Blegen made her New York City debut with the New York Philharmonic, where she performed CPE Bach's Concerto in F Major alongside pianist and conductor Thomas Schippers. The recording was later released on Columbia Masterworks Records. She also performed in programs curated by the New York Philharmonic under Leonard Bernstein, including one of Stravinsky's art songs before a Pierre Boulez concert with the orchestra. She has performed with orchestras including the National Symphony of the United States, St. Louis Symphony, Fort Worth Symphony, Baltimore Symphony, and others, including with conductors like Arthur Fielder and Howard Mitchell. She remained in New York for the next 30 years.

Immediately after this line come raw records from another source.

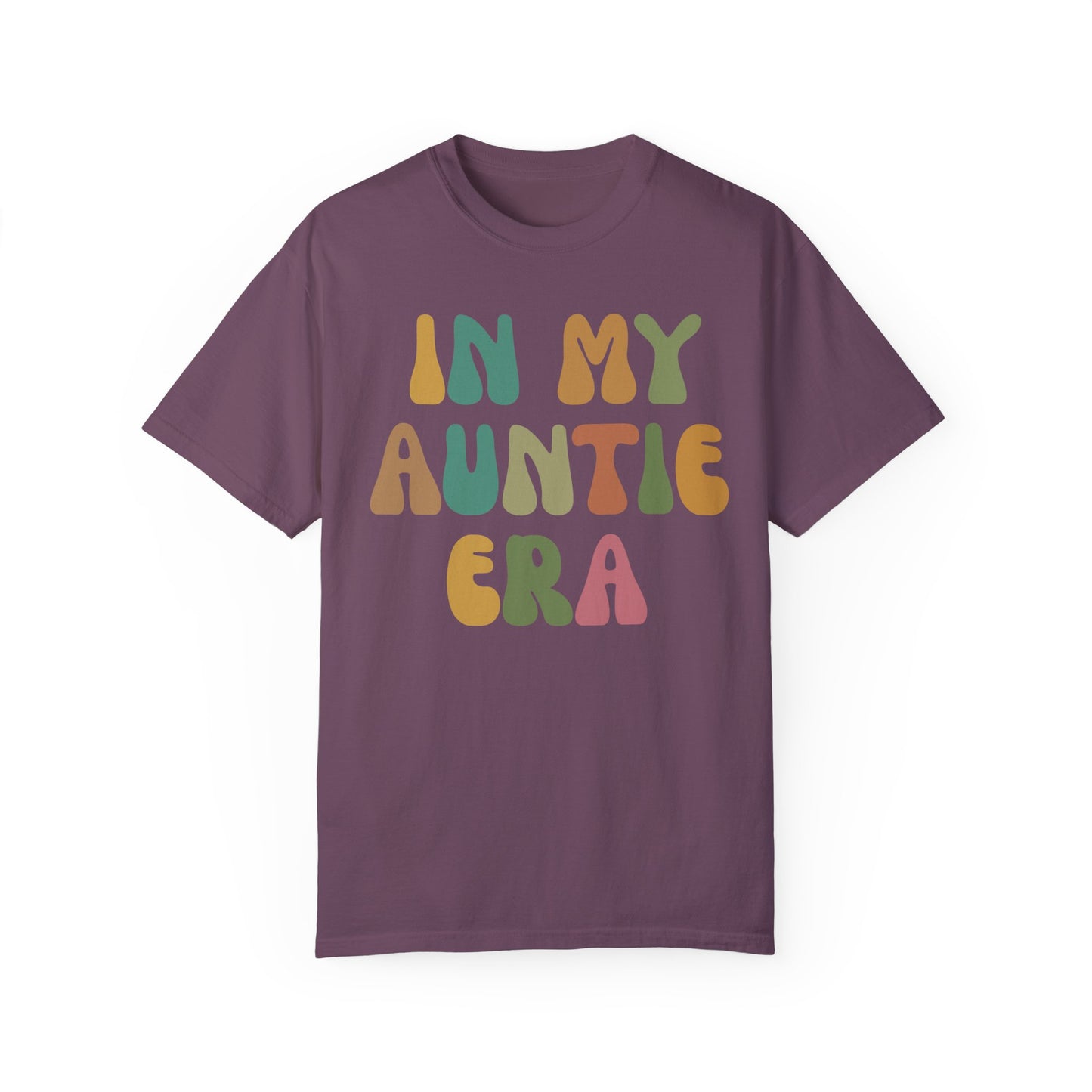 In My Auntie Era Shirt, Aunt Gift from Niece, Cool Aunt Shirt, shirt for Aunt, Aunt Shirt, Gift for Aunts, Favorite Aunt Shirt, CC1009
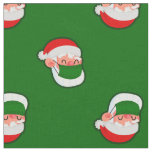 covid christmas face mask santa fabric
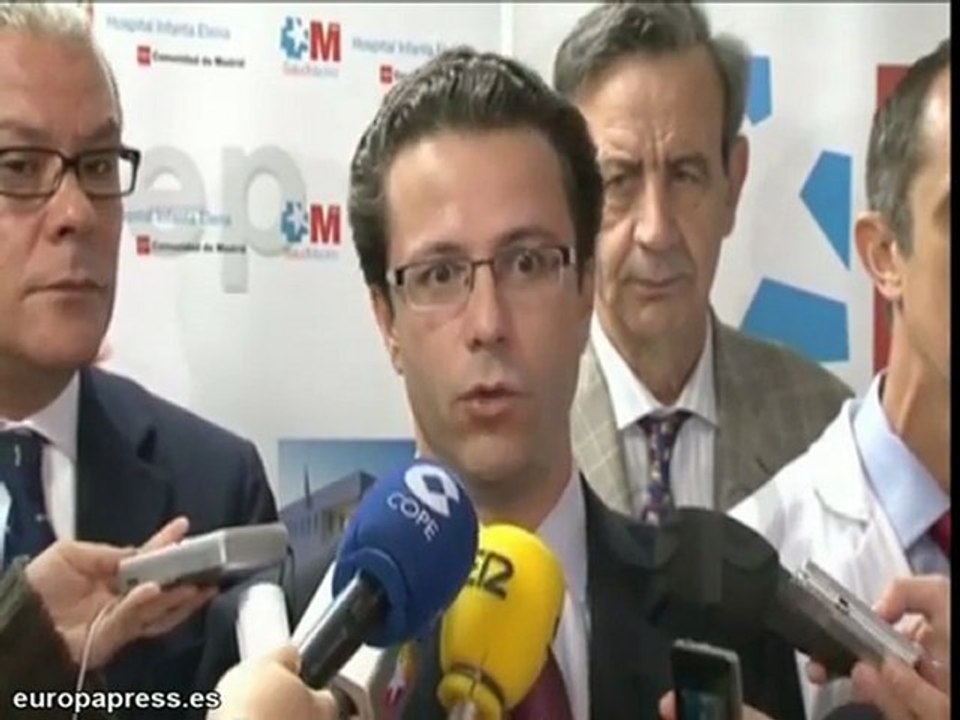 Lasquetty defiende el Área Única Sanitaria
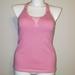 Nike Tops | Nike Dri-Fit Racerback Tank With Built-In Bra | Color: Pink | Size: L
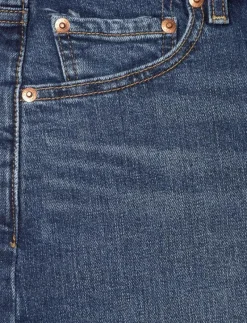 RIBCAGE BERMUDA SHORT BRINGING - Jeansshorts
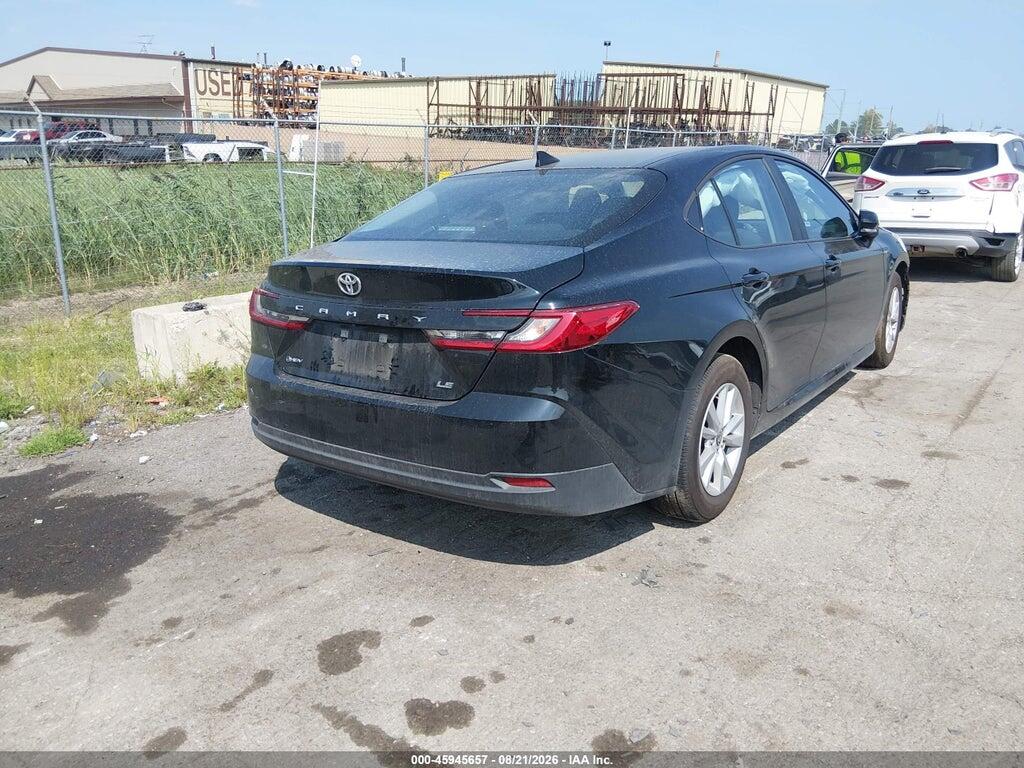 4T1DAACK6TU715357 2026 TOYOTA CAMRY photo no. 4
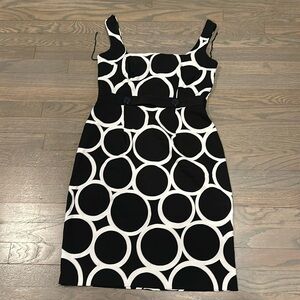 London Style sleeveless midi dress size 8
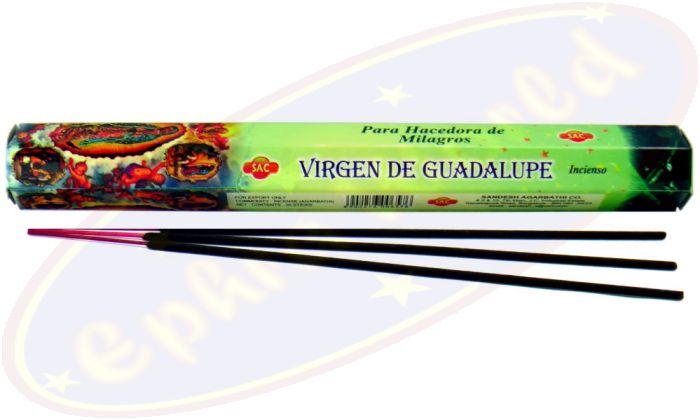 SAC Virgen De Guadalupe Räucherstäbchen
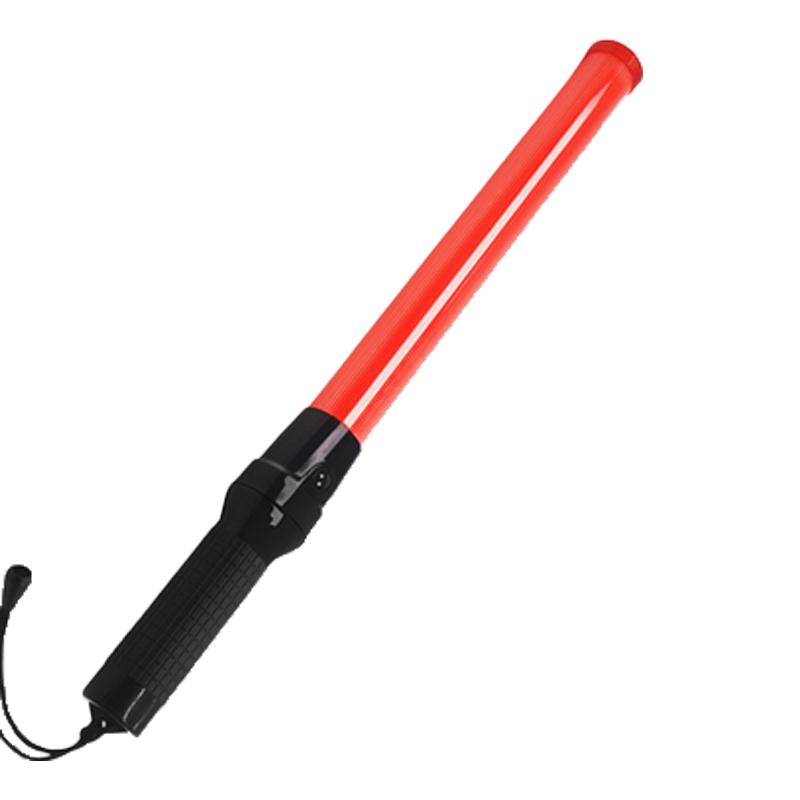 Moufou 8072 LED Traffic Safety Baton & Stop Sign Battery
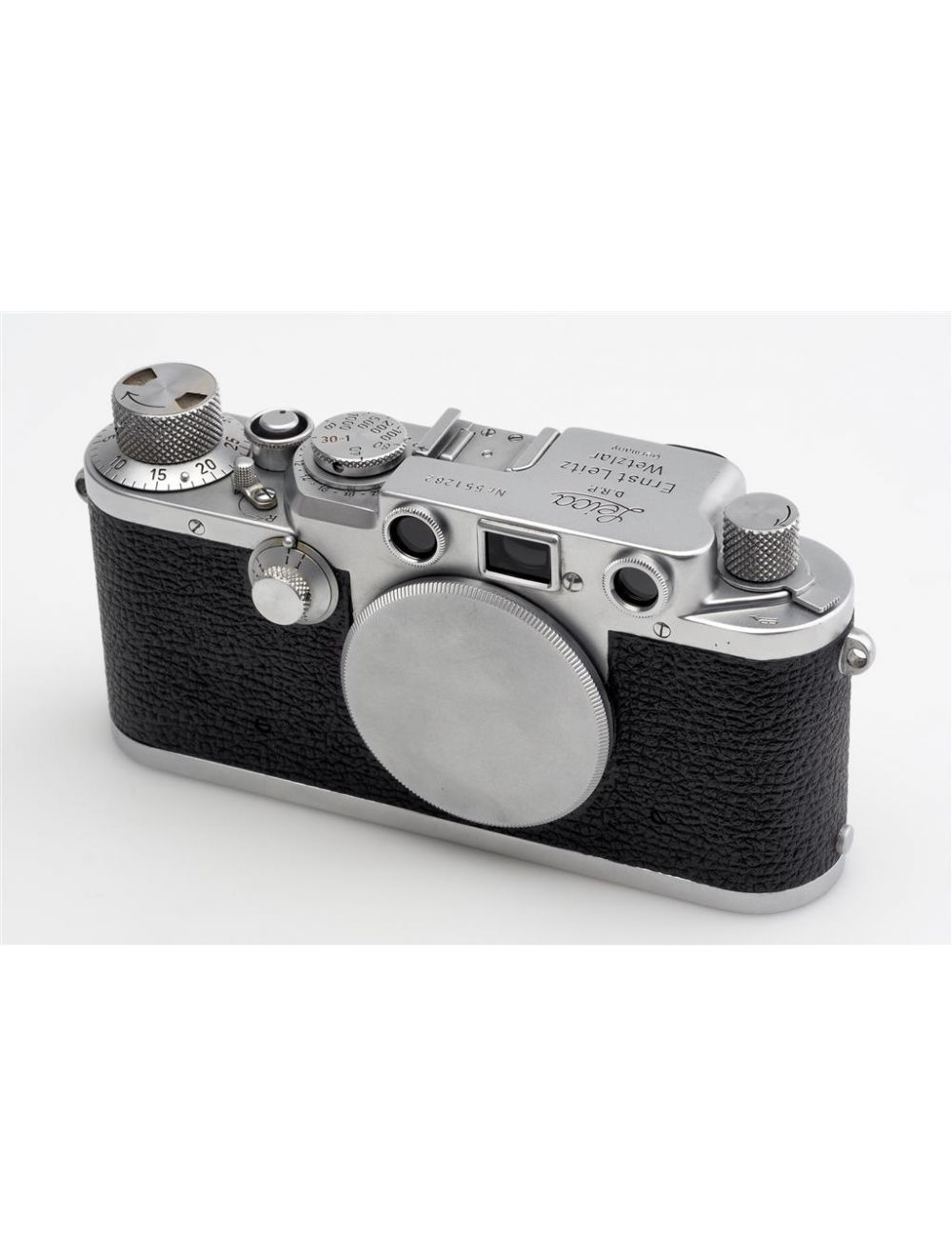 Leitz Leica IIIf Chrome #551282 | JO GEIER - MINT & RARE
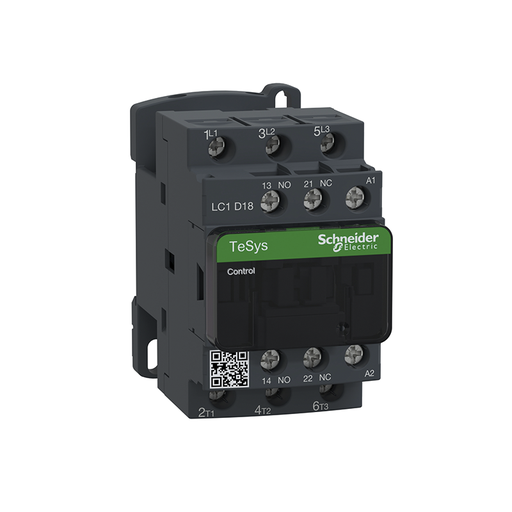 [LC1D18P7] CONTACTOR 220V 18 TELEMECANIQUE, SCHNEIDER ELECTRIC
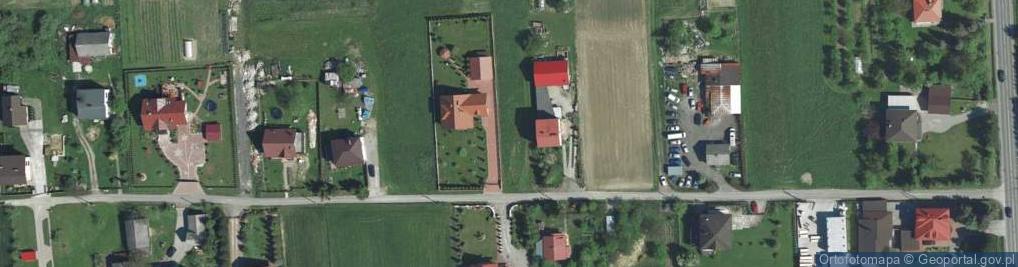 Zdjęcie satelitarne Spacerowa ul.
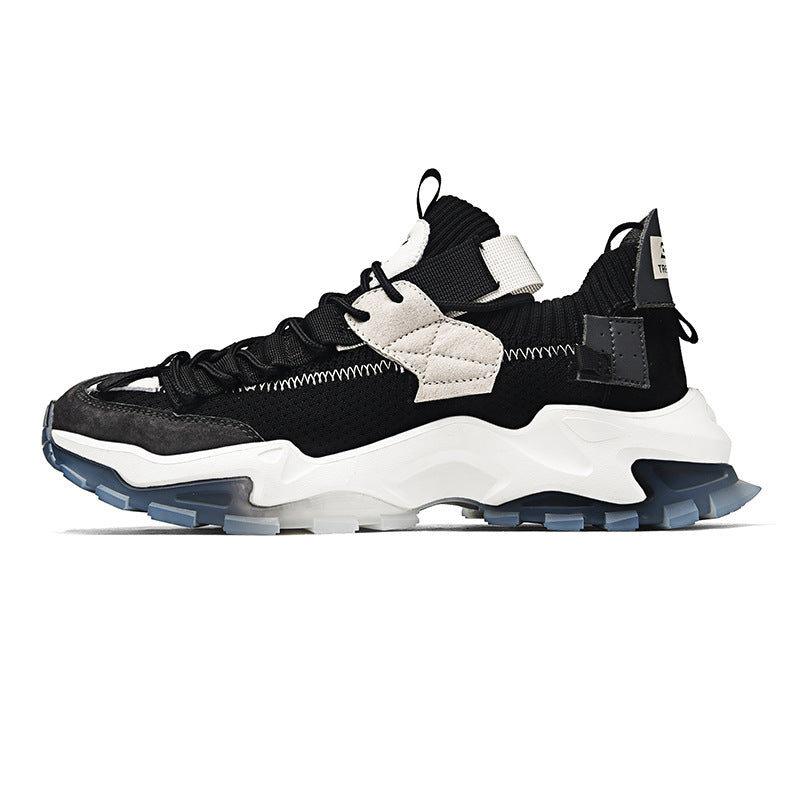 Chaussures de sport de loisirs en plein air à semelle épaisse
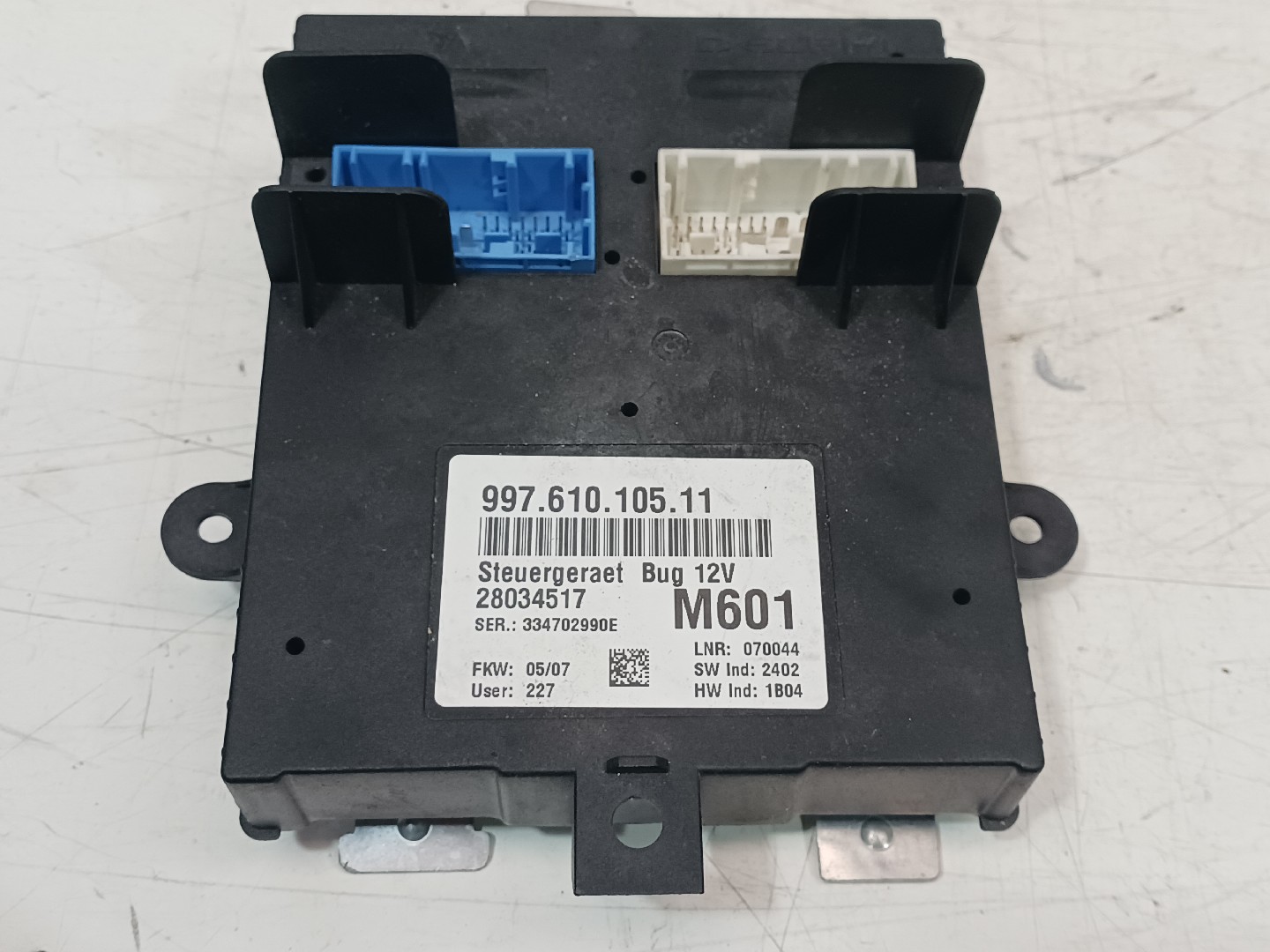 Electronic module – Porsche 911 (997) (2004-2013)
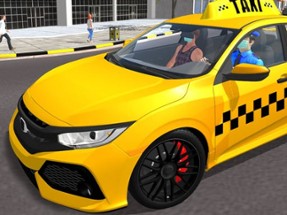 Taxi Driving Image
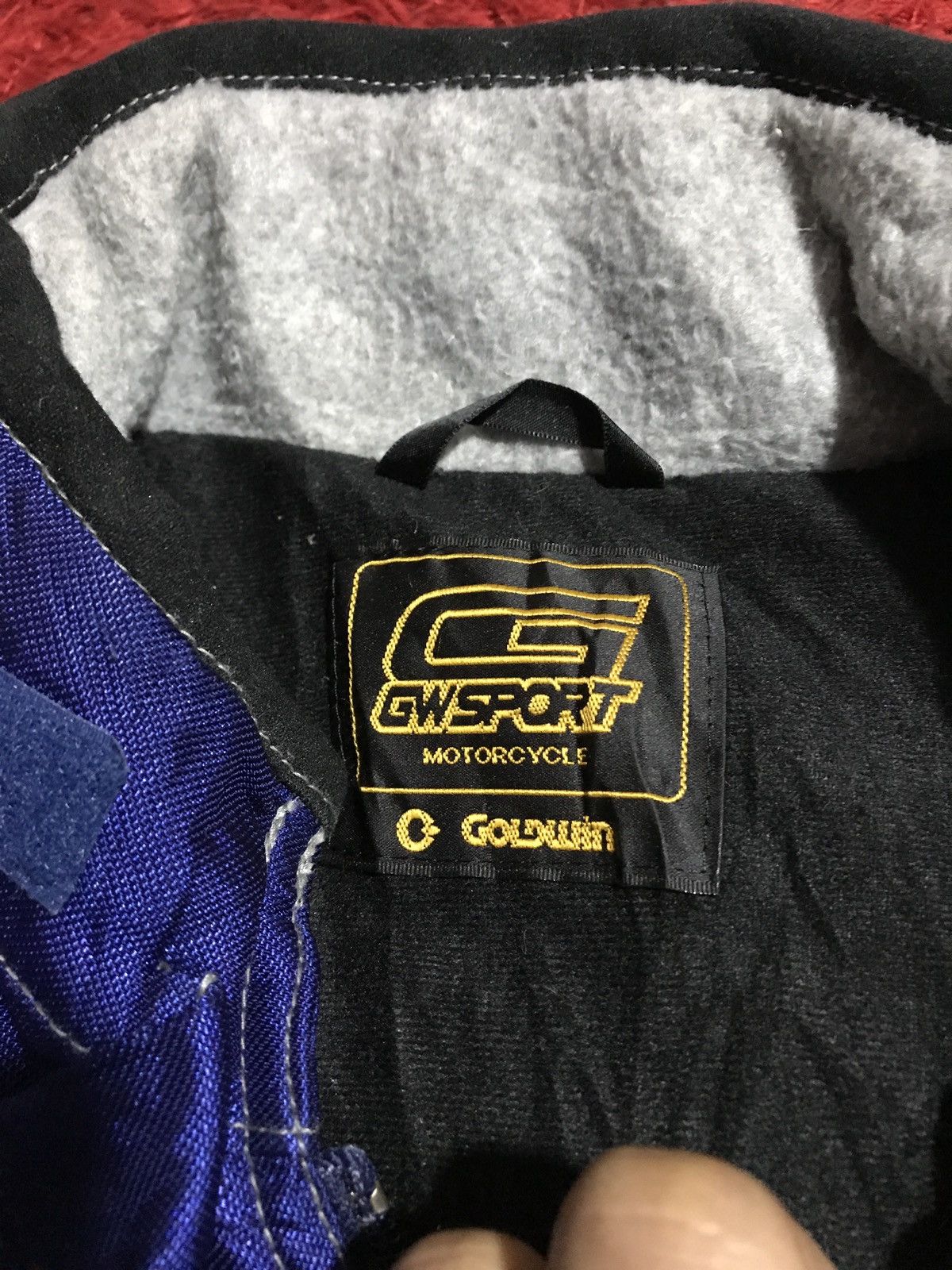 Goldwin GW SPORTS MOTORCYCLE JACKET BY GOLDWIN Size US L / EU 52-54 / 3 - 9 Thumbnail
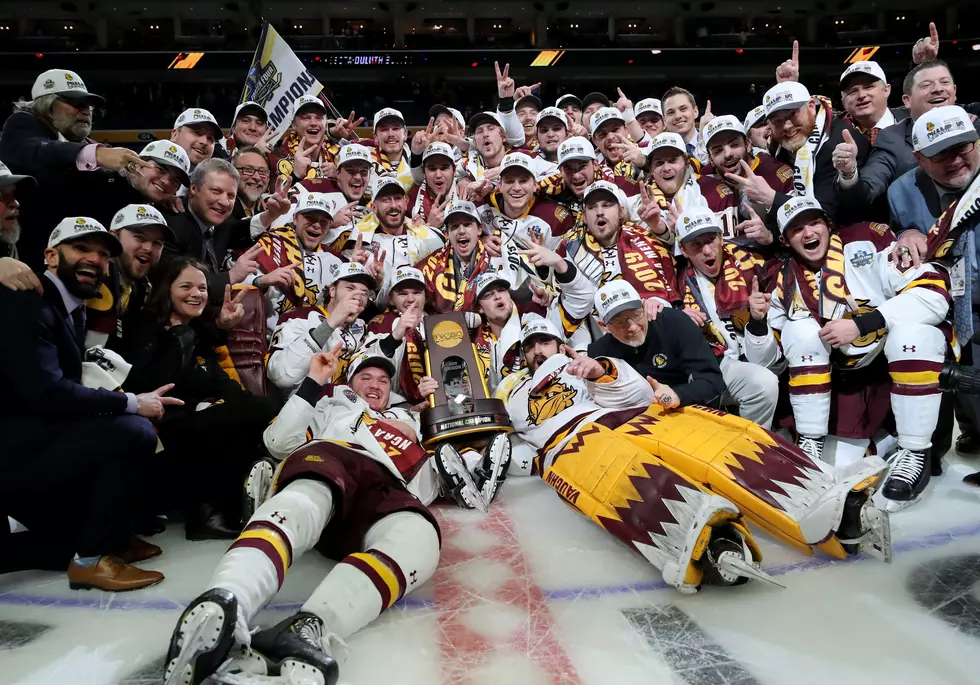 UMD Men's Hockey Team Rated Third In Pre-Season Poll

Blegen also worked alongside composers Samuel Barber, Seymour Barab, Aaron Copland, and Katherine Hoover.

On receiving a Carnegie Hall recital with cellist David Fischer, Tim Page said, "the evening rather woodenly, but by the time their energetic romp through Beethoven's Sonata in A, the two had attained an apt synergy" in The New York Times.

Blegen appeared with her sister Judith on The Tonight Show with Johnny Carson in the 1970s.

In 1990, she performed a concert with violinist Emanuel Vardi at the National Gallery of Art in Washington, D.C., and has also performed chamber music with clarinetist Stanley Drucker, Alexander Schneider, and Sharon Robinson.

In 2006, Blegen retired to Missoula, Montana. The University of Montana awarded Barbara and Judith Blegen a special award for their commitment to the artistic legacy of Missoula in an event titled Odyssey of the Stars. Judith’s husband, Raymond Gneiwek, appeared with them both onstage. The University of Montana also holds a scholarship in her name.